EPLBConfig (vllm/config/parallel.py50-90) is a nested config holding the EPLB rebalancing policy, window size, step interval, and number of redundant experts.

Sources: vllm/config/parallel.py50-400

SchedulerConfig

Defined in vllm/config/scheduler.py25 SchedulerConfig governs how the scheduler batches requests and allocates computation across iterations.

Key fields:

Field	Type	Default	Notes
`max_num_batched_tokens`	`int`	`2048`	Max tokens processed per iteration
`max_num_seqs`	`int`	`128`	Max concurrent sequences per iteration
`enable_chunked_prefill`	`bool`	(platform-determined)	Split long prefills across iterations
`max_num_partial_prefills`	`int`	`1`	Max simultaneous chunked prefill requests
`long_prefill_token_threshold`	`int`	—	Tokens above which a prefill is "long"
`policy`	`SchedulerPolicy`	`"fcfs"`	`"fcfs"` or `"priority"`
`async_scheduling`	`bool \| None`	`None`	Overlap scheduling and execution; auto-detected
`scheduler_cls`	`str \| type \| None`	`None`	Custom scheduler class
`stream_interval`	`int`	—	Token streaming granularity
`disable_chunked_mm_input`	`bool`	`False`	Disable chunked multimodal input processing
`disable_hybrid_kv_cache_manager`	`bool \| None`	`None`	Force or disable hybrid KV manager

max_model_len and is_encoder_decoder are InitVar parameters consumed in __post_init__ to set defaults and validate other fields, but are not stored as attributes.
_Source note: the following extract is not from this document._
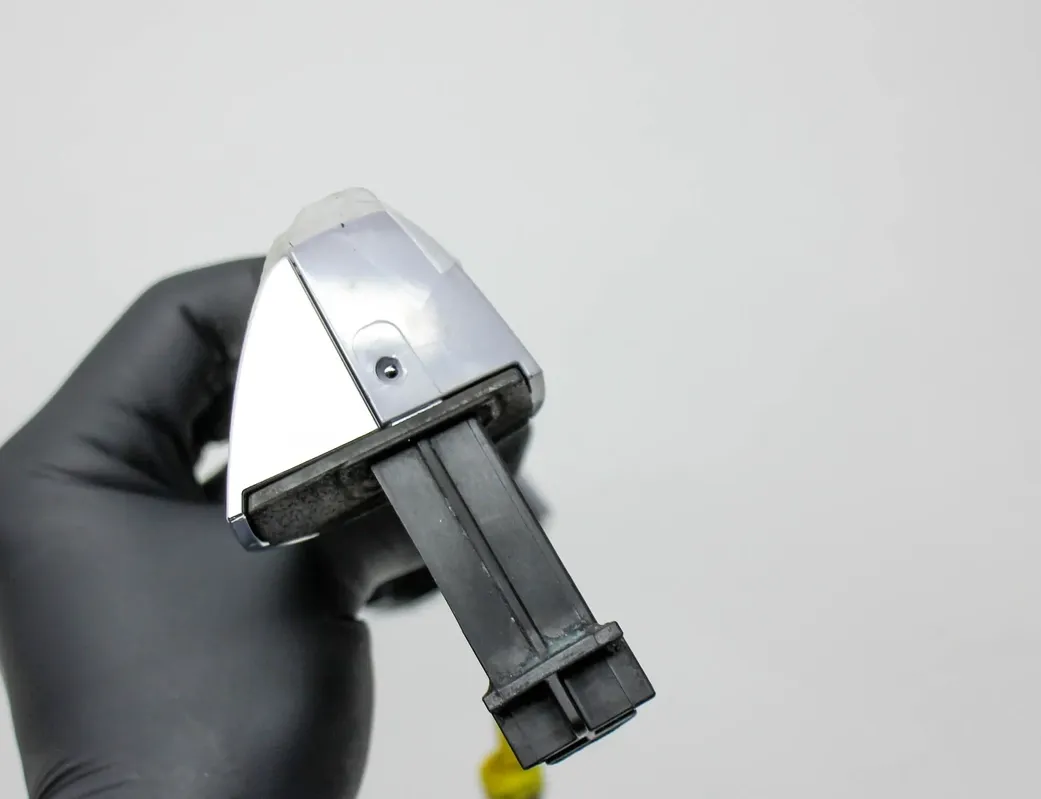 KIA XCeed 1 generation (2019-2024) Pravé predné dvere vonkajšia kľučka 82661J7210 33383386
Sources: vllm/config/scheduler.py25-200

AttentionConfig

Defined in vllm/config/attention.py, AttentionConfig is a thin wrapper that selects the attention backend and stores per-layer overrides.

Key fields:

Field	Type	Default	Notes
`backend`	`AttentionBackendEnum \| None`	`None` (auto)	Override attention backend; auto-selected by platform if `None`

Backend auto-selection logic lives in the platform's check_and_update_config() hook. The resolved backend enum (AttentionBackendEnum) is defined in vllm/v1/attention/backends/registry.py For full backend documentation, see 8.1.
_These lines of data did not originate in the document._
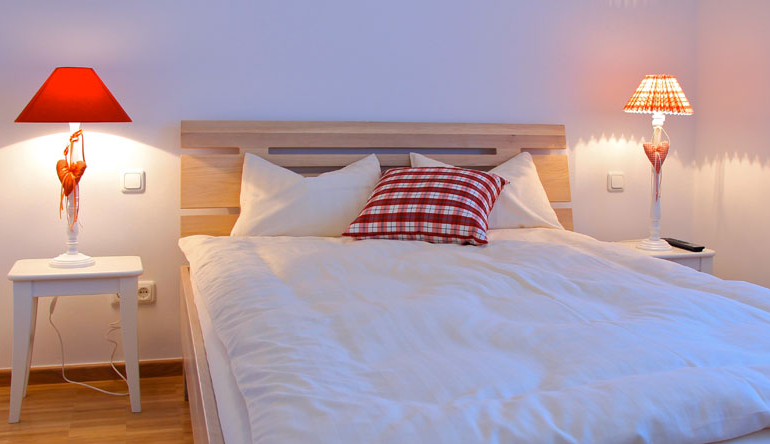 Ein Bett mit Geborgenheit Ein Bett mit Geborgenheit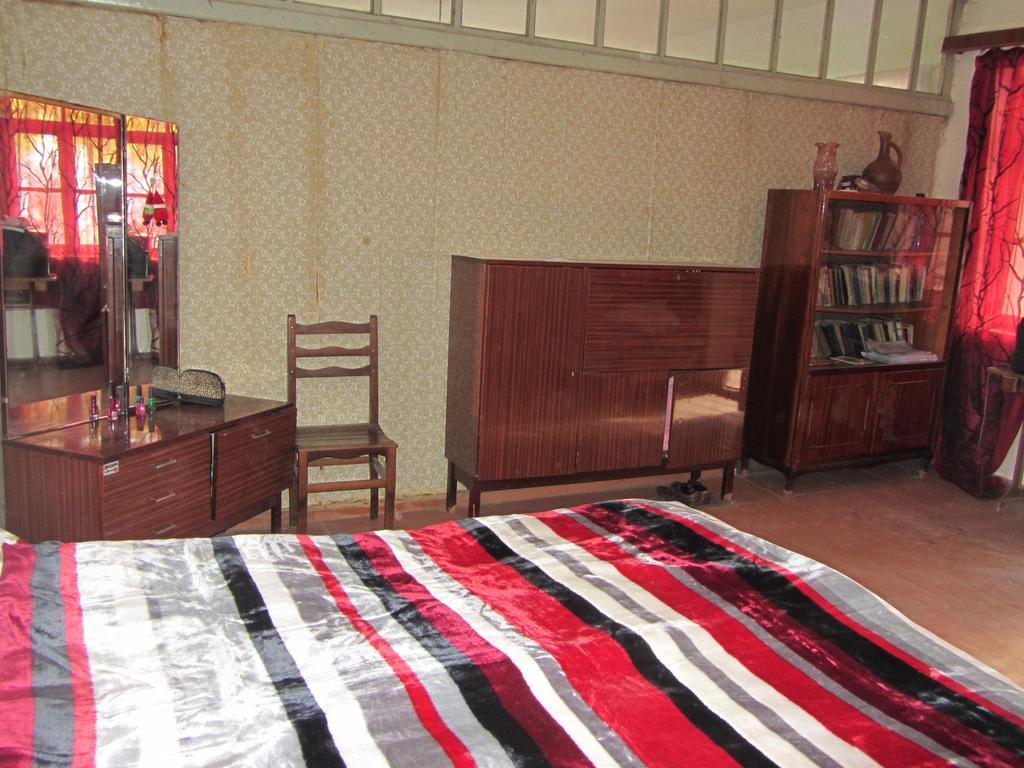 Guest House Adelina メスティア エクステリア 写真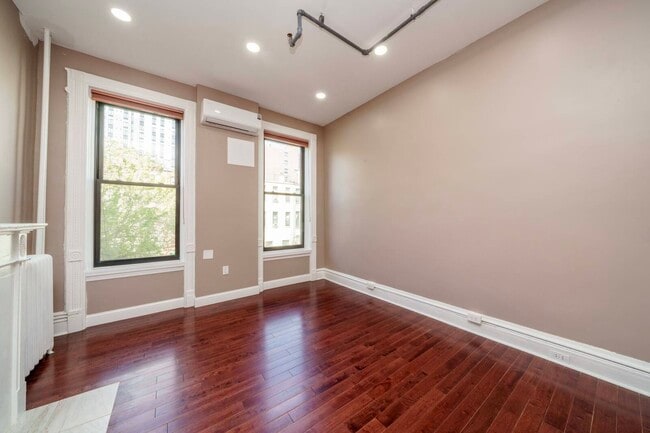211 W 122nd St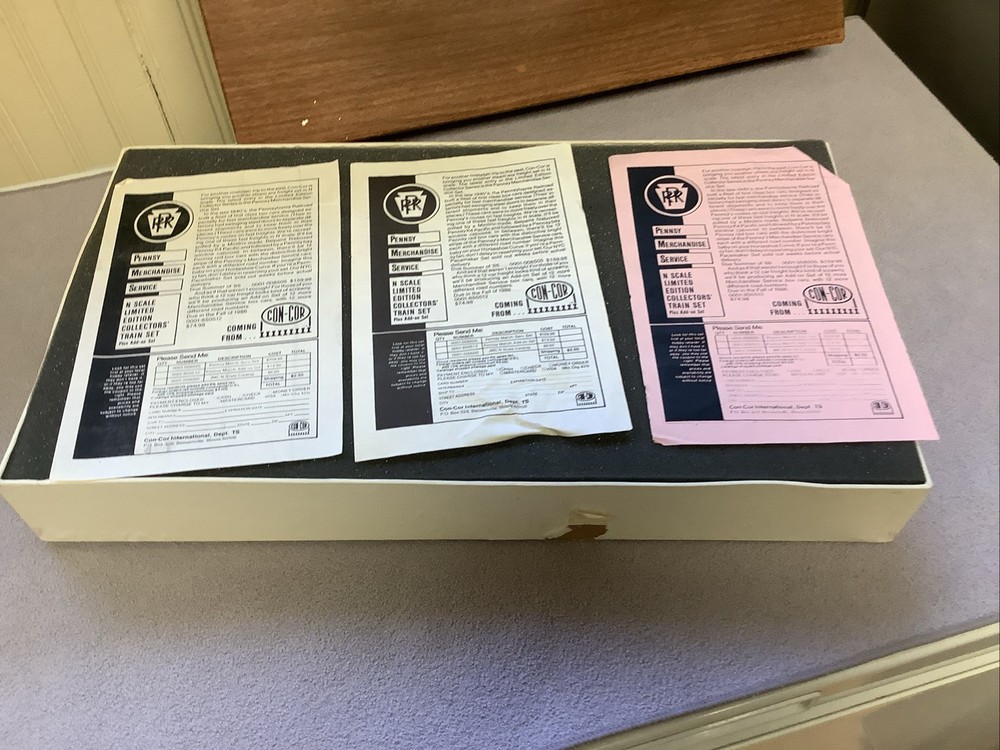 Con-Cor N Scale Union Pacific Passenger Set #004301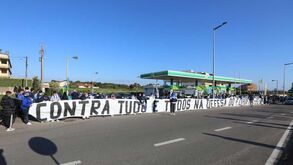 FC Porto: a tarja, muitos adeptos e muito azul no cordão humano de protesto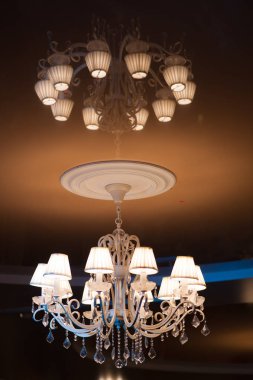 Tavanda güzel bir avize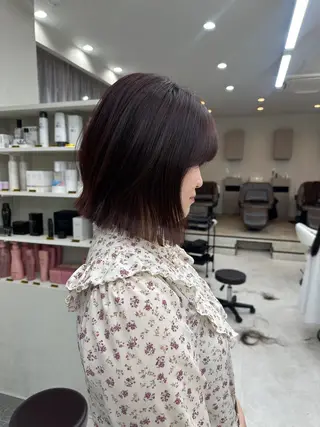 ショート カラー Aura所属・丸山 心 / 艶カラーのヘアスタイル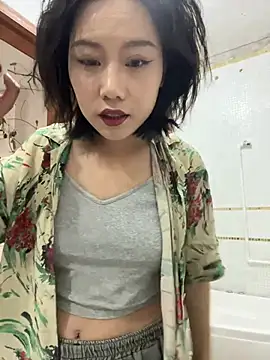 Snapshot of Eliza-E chatting on March 2026 12:59:02 AM Eliza-E online show from March 2026 12:59:02 AM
Sources: vllm/engine/arg_utils.py578 vllm/config/vllm.py270-271

CompilationConfig

Defined in vllm/config/compilation.py336 CompilationConfig controls all torch.compile and CUDA graph capture behavior. It is covered in depth in 2.4; this section summarizes the most commonly used fields.

Key fields:

Field	Type	Default	Notes
`mode`	`CompilationMode`	`None` (→ `VLLM_COMPILE` for V1)	`NONE`, `STOCK_TORCH_COMPILE`, `DYNAMO_TRACE_ONCE`, `VLLM_COMPILE`
`cudagraph_mode`	`CUDAGraphMode`	`None` (→ `FULL_AND_PIECEWISE`)	`NONE`, `PIECEWISE`, `FULL`, `FULL_AND_PIECEWISE`, `FULL_DECODE_ONLY`
`cudagraph_capture_sizes`	`list[int] \| None`	`None` (auto)	Explicit batch sizes to capture CUDA graphs for
`max_cudagraph_capture_size`	`int \| None`	`None`	Upper bound for auto-generated capture sizes
`custom_ops`	`list[str]`	`[]`	Enable/disable specific custom ops (`"+op"` / `"-op"`)
`splitting_ops`	`list[str] \| None`	`None`	Ops used to split the graph for piecewise compilation
`backend`	`str`	`""` (→ `"inductor"`)	Inductor backend or qualified name
`pass_config`	`PassConfig`	`PassConfig()`	Per-pass fusion flags
`cache_dir`	`str`	`""` (auto)	Directory for compiled artifact cache
`compile_mm_encoder`	`bool`	`False`	Compile multimodal encoder as well

PassConfig (vllm/config/compilation.py101-270) exposes fine-grained flags like fuse_norm_quant, fuse_act_quant, fuse_allreduce_rms, enable_sp, and fuse_gemm_comms.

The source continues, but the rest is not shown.